RT-PCR (Reverse transcriptase - Polymerase Chain Reaction):RT-PCR can be used to detect viral sequences in CSF, urine samples and throat swabs.7,8

NiV has been classified as Bio Security Level IV (BSL) pathogen and so all the samples should be handled with appropriate bio security precautions. In India testing facility is available at National Institute of Virology, Pune.
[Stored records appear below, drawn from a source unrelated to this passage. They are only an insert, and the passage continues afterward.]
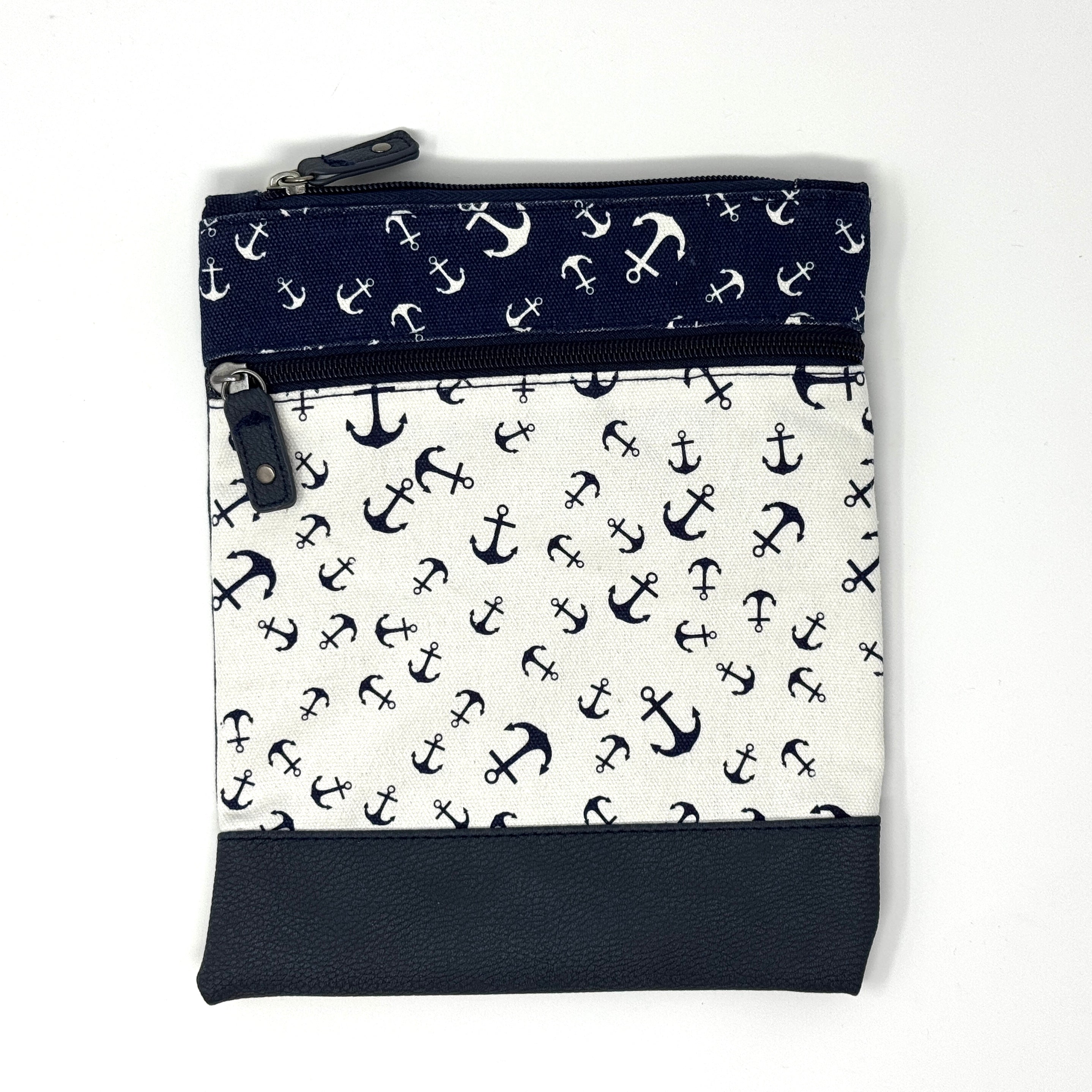 Maritime Umhängetasche Anker-Muster – Grau & Weiß – In verschiedenen Farben erhältlich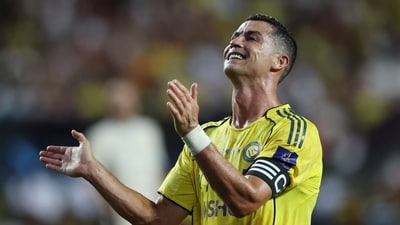 Soccer Football - Saudi Super Cup - Semi Final - Al Nassr v Al Ittihad - Hong Kong Stadium, Hong Kong, China - August 19, 2025 Al Nassr's Cristiano Ronaldo reacts REUTERS/Tyrone Siu (REUTERS)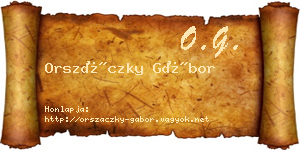Orszáczky Gábor névjegykártya
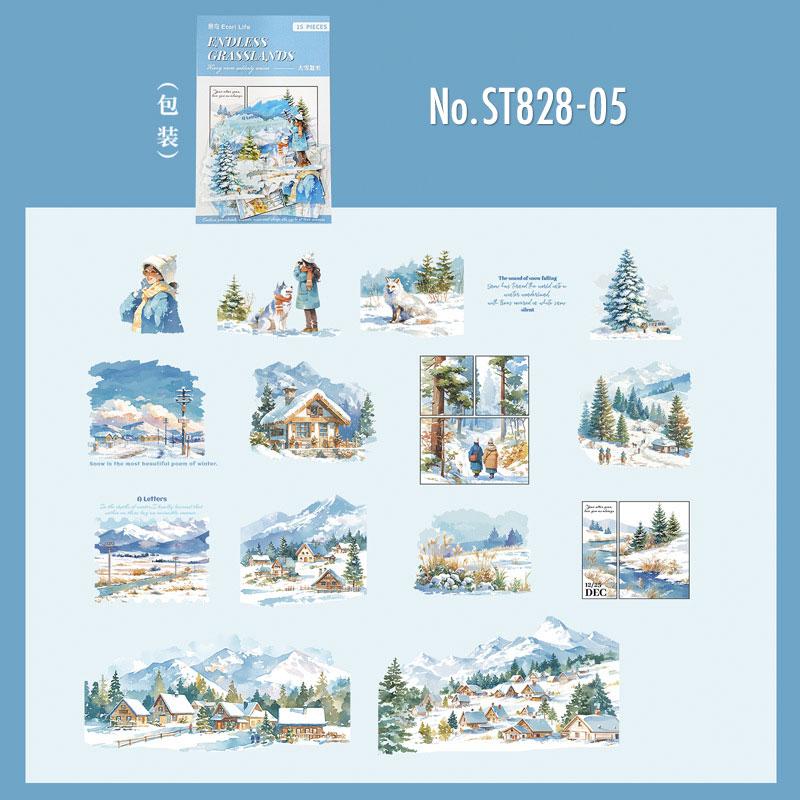 ST828｜四季 風景 自然 季節 春夏秋冬 桜 紅葉 夏山 雪山 夜空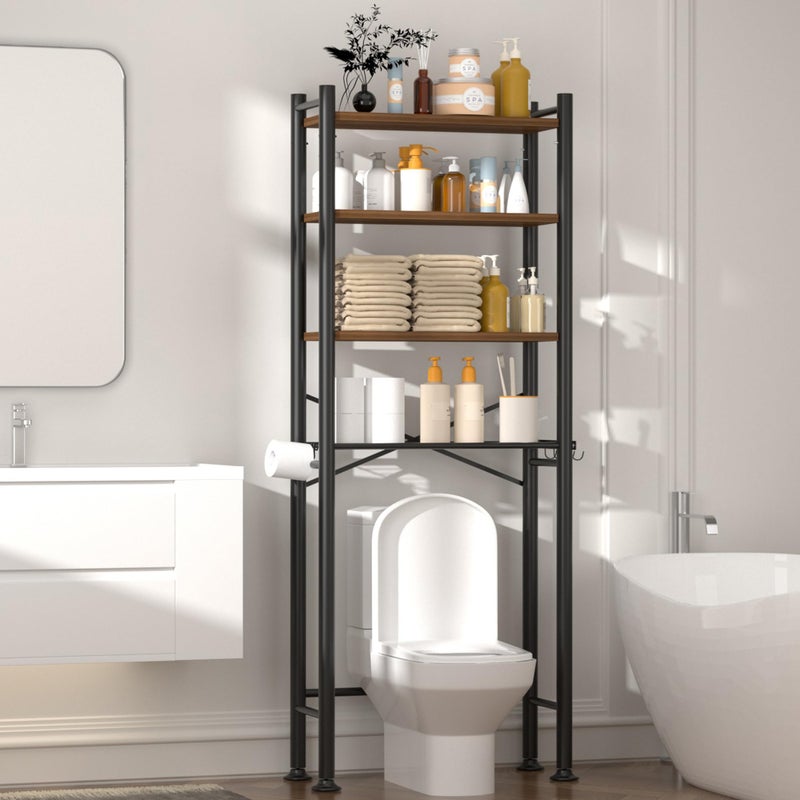 GloTika 4-Tier Over-The-Toilet Storage Rack, Bathroom Organizer Shelf Over Toilet with Adjustable Shelf, Freestanding Space Saver Bathroom Shelves Above Toilet for Room (Black-Round) - Image 1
Other imaging investigations

In the outbreak that occurred in Singapore, MRI of the brain showed discrete high signal intensity lesions in the cortical and deep white matter. In some patients brain stem and corpus callosum was also involved. MRI is an important investigation because it helps to distinguish Nipah virus encephalitis from Japanese encephalitis. In Japanese encephalitis, it is the thalamus and basal ganglia which are primarily involved.9

Treatment

Treatment is entirely supportive .Patients with severe respiratory and neurological complication should be admitted in intensive care unit as some of them might need mechanical ventilation. Chong et al suggested that Ribavarin was able to reduce mortality of encephalitis due to NiV but efficacy of this drug is considered to be uncertain.10

Control and prevention

Since there is no specific anti viral therapy for Nipah virus and the mortality with nipah encephalitis is very high so prevention against this infection remains the only reliable option. In Malaysia and Singapore, pig was the intermediate host of Nipah virus infection and so the Singapore government stopped pig export from Malaysia and the Malaysian government controlled the spread of the disease by killing more than one million pigs. And since then, no outbreak has occurred in these two countries. But then out breaks continue to occur both in Bangladesh and India. Some of the preventive measures that should be followed are as under:

  1. Infected animals should never be used for cooking.
  2. Instead should be slaughtered as was done in Malaysia. In Malaysia all sero positive pigs were subjected to mass culling.
  3. Fruits that have been contaminated by bats should never be fed to livestock.
  4. Fruit should be washed and peeled before eating.
  5. Date palm sap should be boiled or pasteurized before consumption as this inactivates Nipah Virus.11

Prevention through vaccination

Future research to tackle the human and animal outbreaks of Nipah virus infection shall focus on the following three areas

  1. Prevention through vaccination
  2. Prevention through modifying risk factors
  3. Development of newer therapeutic agents to treat Nipah virus infection in both human and animals

Prevention through vaccination will include not only vaccination for humans but also animals especially pigs and horses. Therefore scientists all over the world especially in south Asian countries are focusing on developing vaccine which is capable of giving protection against Nipah virus infection.12

Conclusion

Nipah virus is a zoonotic paramyxo virus that can be cause lethal infection both in animals as well as in human beings. The virus gets its name from a Malaysian village Sungai Nipah where the virus was first isolated during an outbreak in pig and pig farmers in 1999 .In human being the virus infects two major organs namely lung and brain. The disease can manifest either as acute respiratory syndrome or encephalitis or both. The encephalitic syndrome presents with fever, seizure, head ache, drowsiness, disorientation, coma and death. Nipah virus infection can be diagnosed by virus isolation (from blood, throat swab, nasal swab, CSF, urine) Serology and RT- PCR. Treatment is entirely supportive. Ribavarin appears to reduce mortality due to encephalitis the symptoms of nausea, vomiting and seizures in some out breaks but clinical usefulness of ribavarin remains uncertain .Internationally Nipah virus has been classified as Bio security Level (BSL-IV) agents and so people who come in close contact with infected animals or human should wear protect clothing, impermeable glove, mask, boot and goggles. Establishing appropriate surveillance system is absolutely essential so that Nipah virus outbreak can be detected and controlled at the earliest.

Acknowledgements

None.

Conflict of interest

The author has no conflicts of interests in this work.